Problem to solve ▸
Would you retype the listing below word for word, without any of its pictures?

Given records ▸
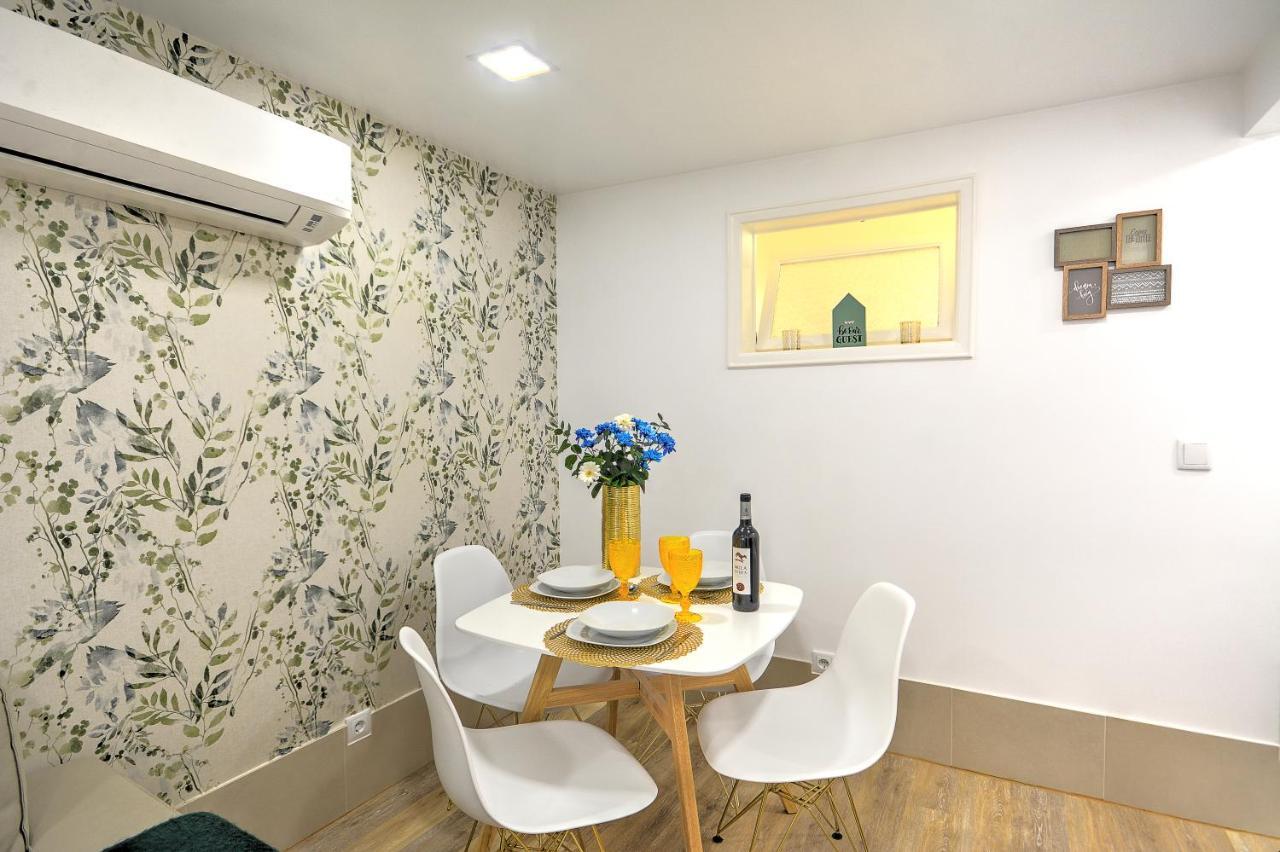 ליסבון Traditional Apartment With A Terrace, Ac And Fast Internet מראה חיצוני תמונה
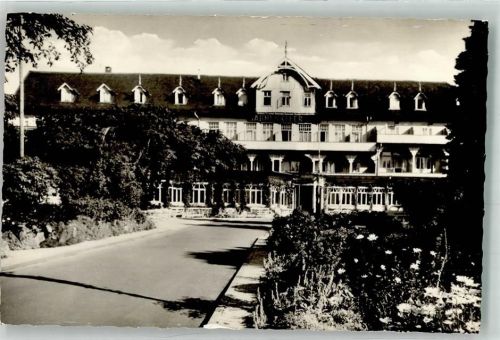 Hahnenklee Hotel Hahnenklee'r Hof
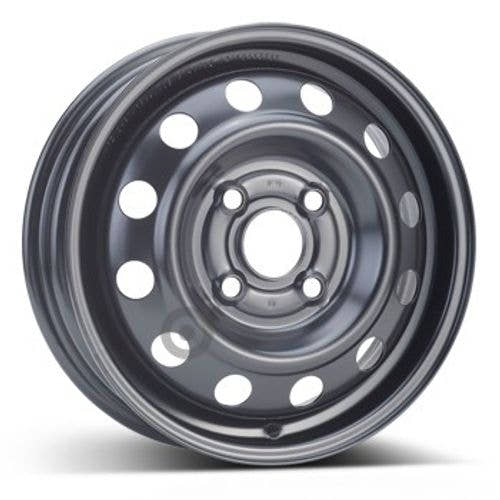 Alcar 2491 Stahlfelge 4x13 Zoll ET46 LK 4x100 ML54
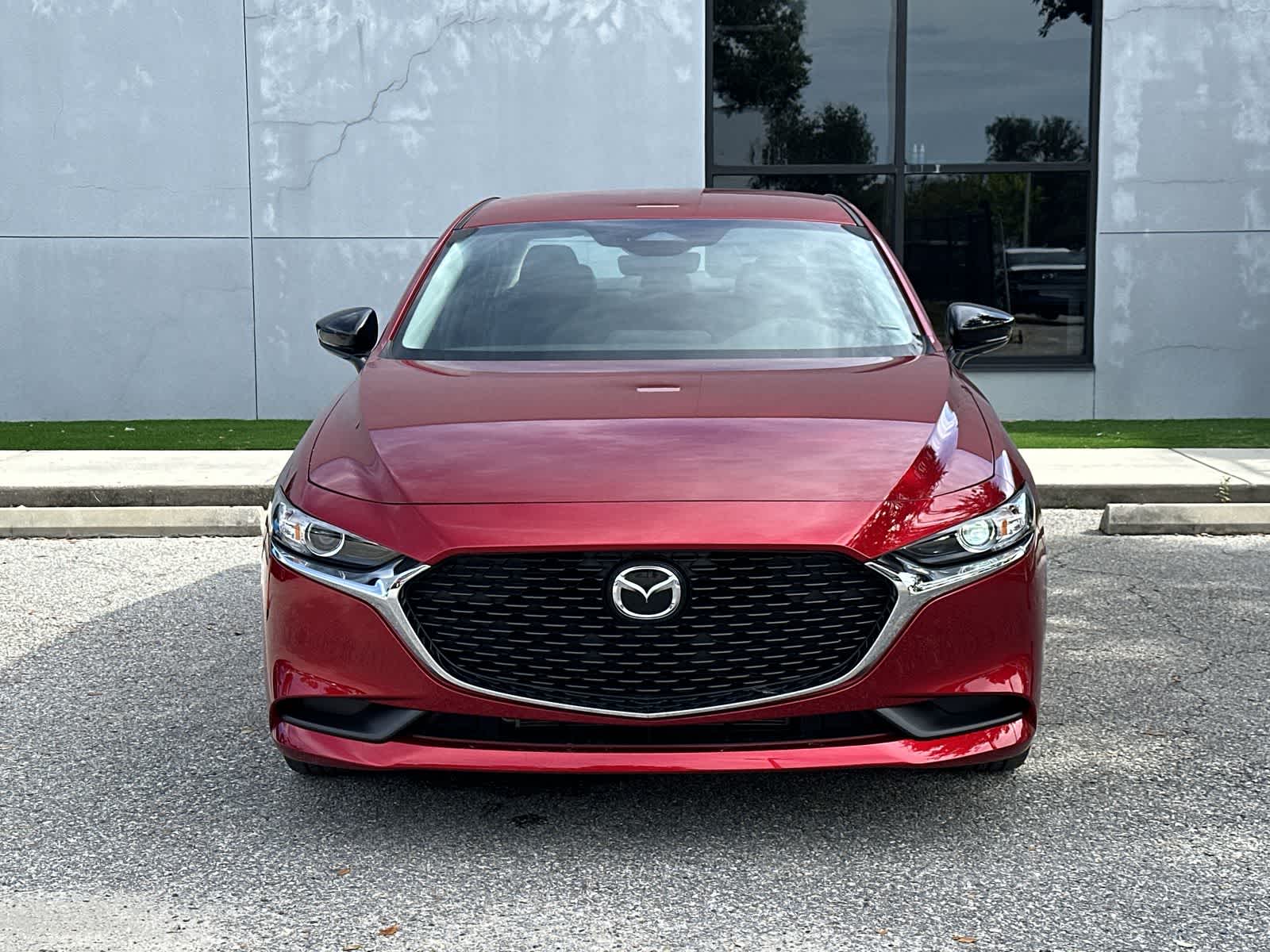 Thumbnail: 2025 Mazda Mazda3 - 6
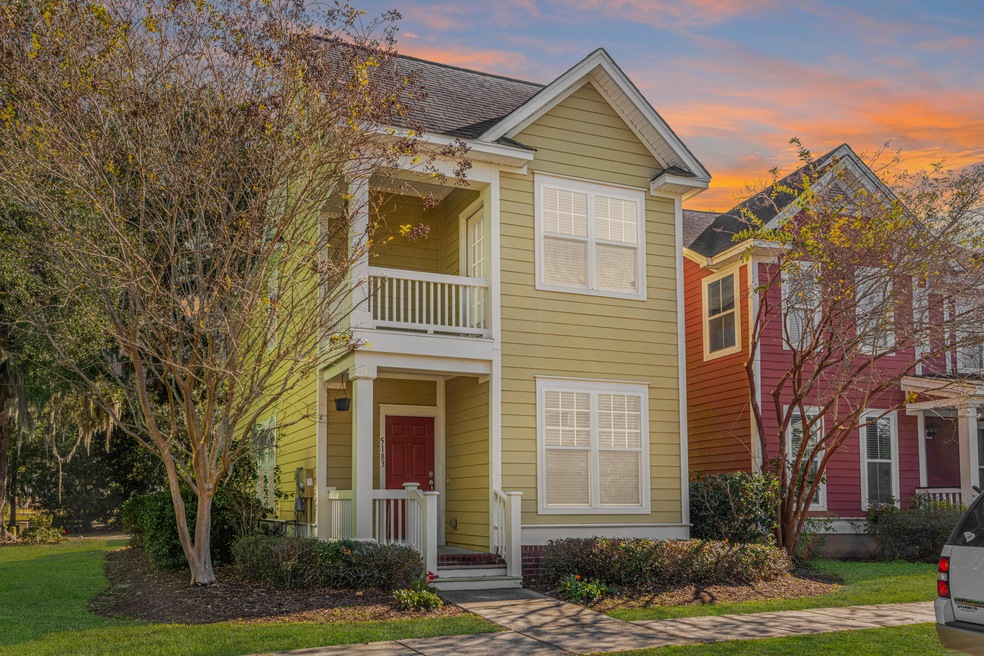 Curb Appeal
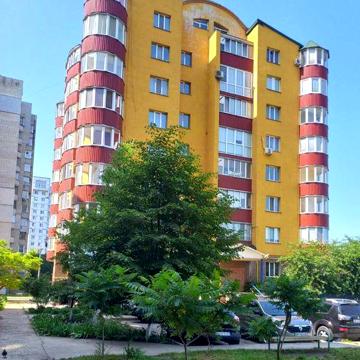 Продаж 1к. кваритири 54м2 з автономним опаленням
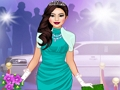Xogo Glam Dress Up: xogo para nenas  en liña
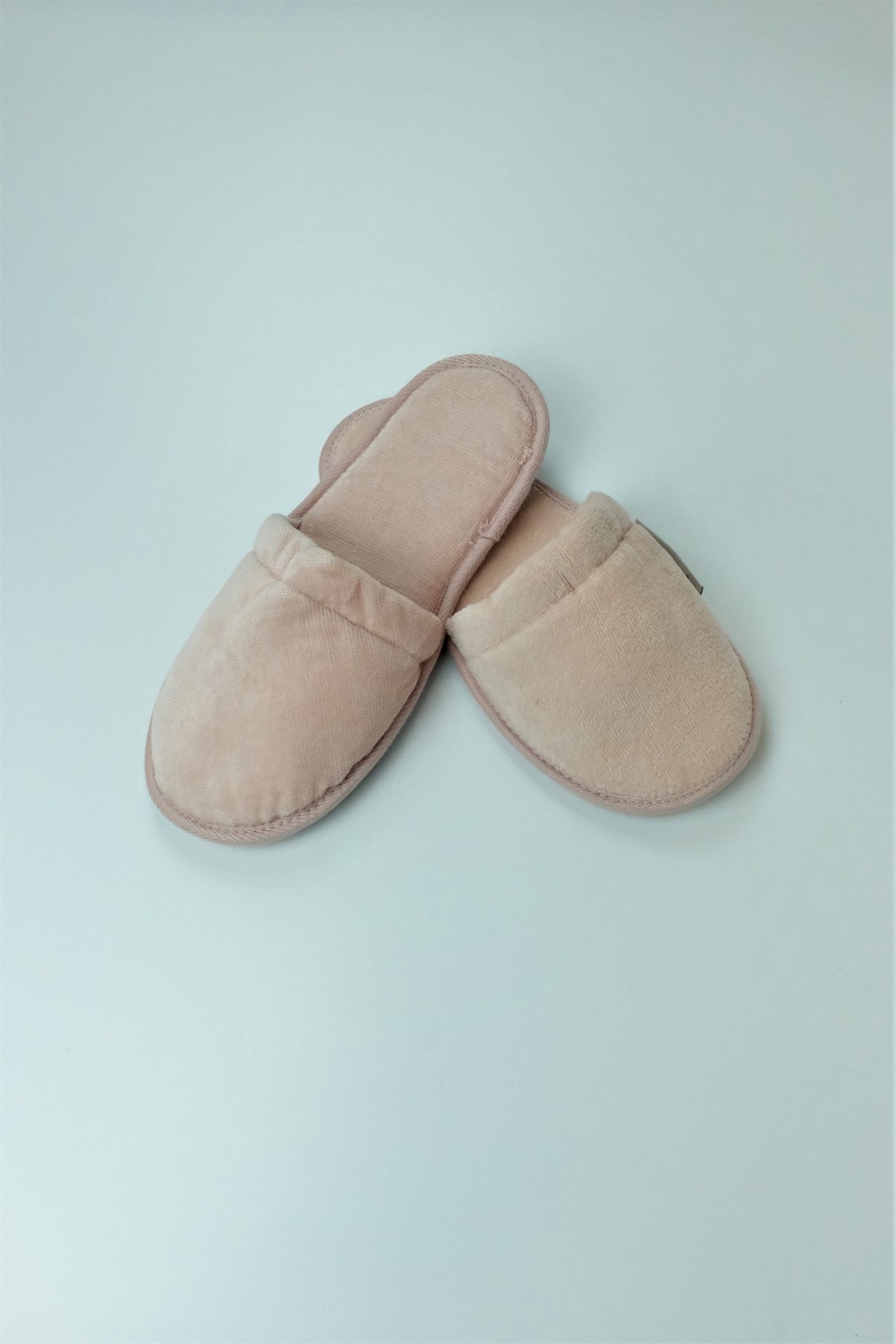 Ecocotton Havlu Terlik Pembe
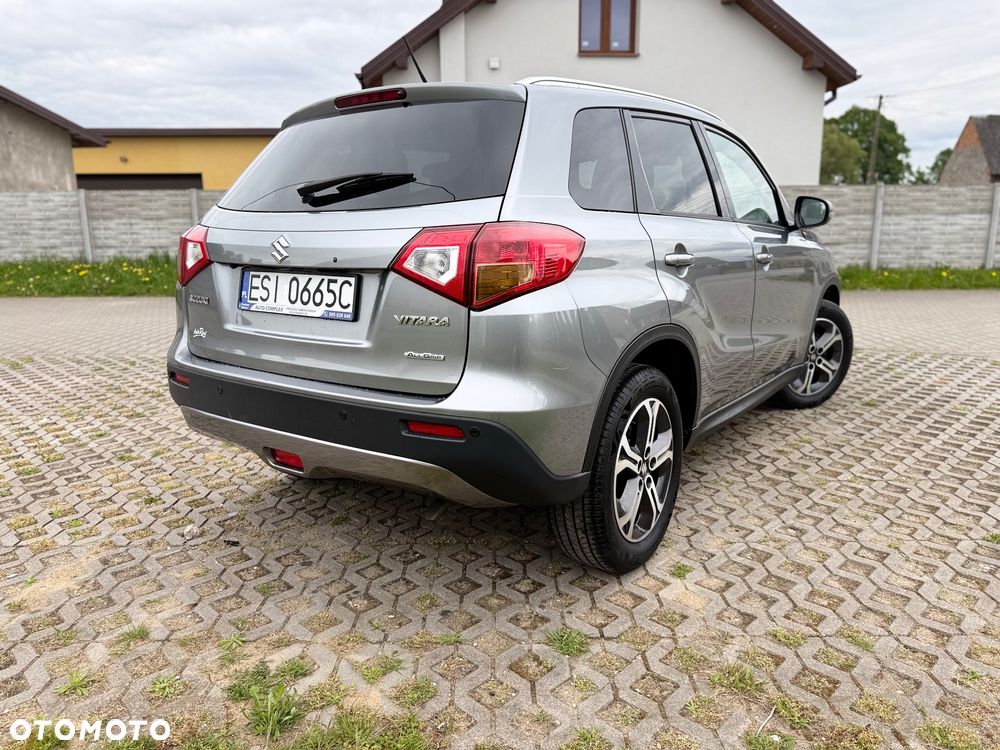 Suzuki Vitara 1.6 (4x4) Allgrip Comfort+ - 26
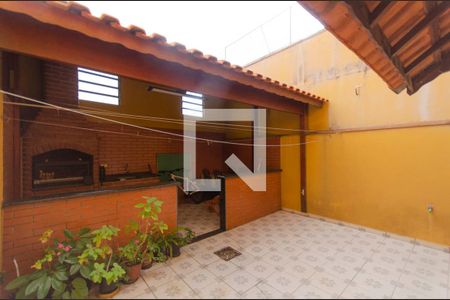 Casa à venda com 155m², 3 quartos e 2 vagas Casa à venda com 155m², 3 quartos e 2 vagasChurrasqueira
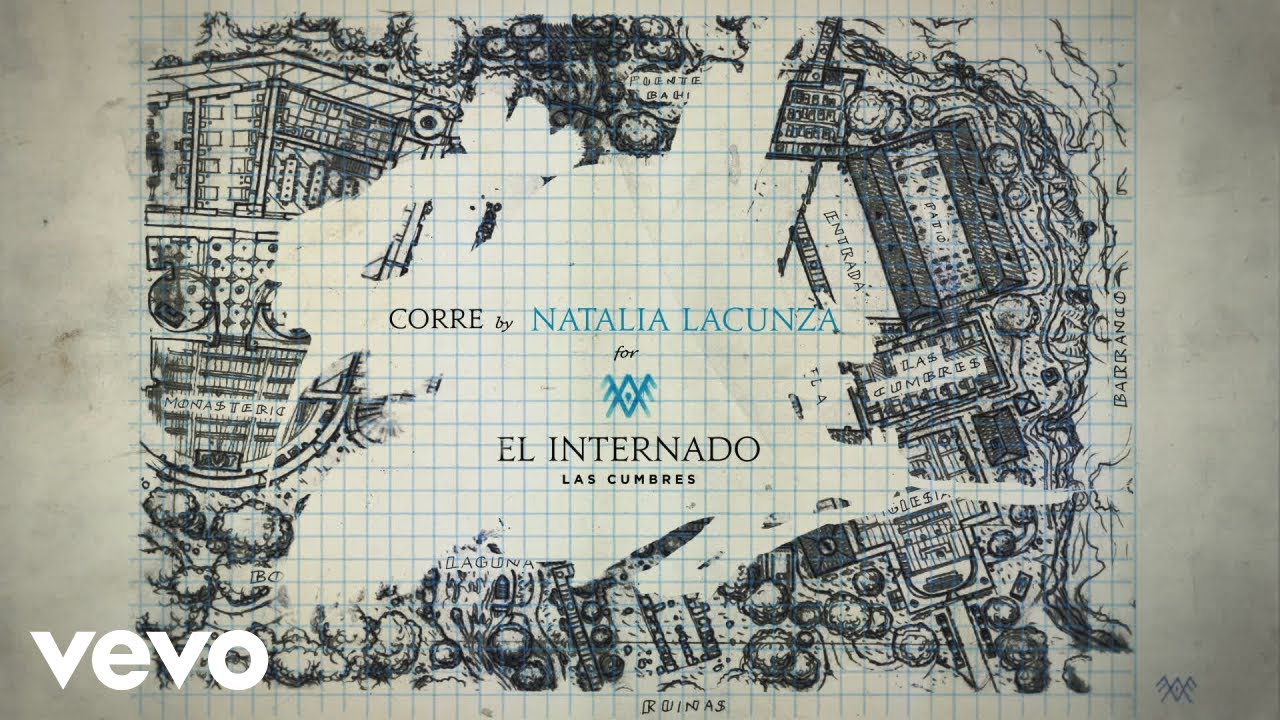Corre - Original Song for 'El Internado: Las Cumbres' 🎶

Expected answer ▸
 ליסבון Traditional Apartment With A Terrace, Ac And Fast Internet מראה חיצוני תמונה
 Hahnenklee Hotel Hahnenklee'r Hof
 Alcar 2491 Stahlfelge 4x13 Zoll ET46 LK 4x100 ML54
 Thumbnail: 2025 Mazda Mazda3 - 6
 Curb Appeal
 Продаж 1к. кваритири 54м2 з автономним опаленням
Xogo Glam Dress Up: xogo para nenas  en liña
 Ecocotton Havlu Terlik Pembe
 Suzuki Vitara 1.6 (4x4) Allgrip Comfort+ - 26
 Casa à venda com 155m², 3 quartos e 2 vagas Casa à venda com 155m², 3 quartos e 2 vagasChurrasqueira
Corre - Original Song for 'El Internado: Las Cumbres' 🎶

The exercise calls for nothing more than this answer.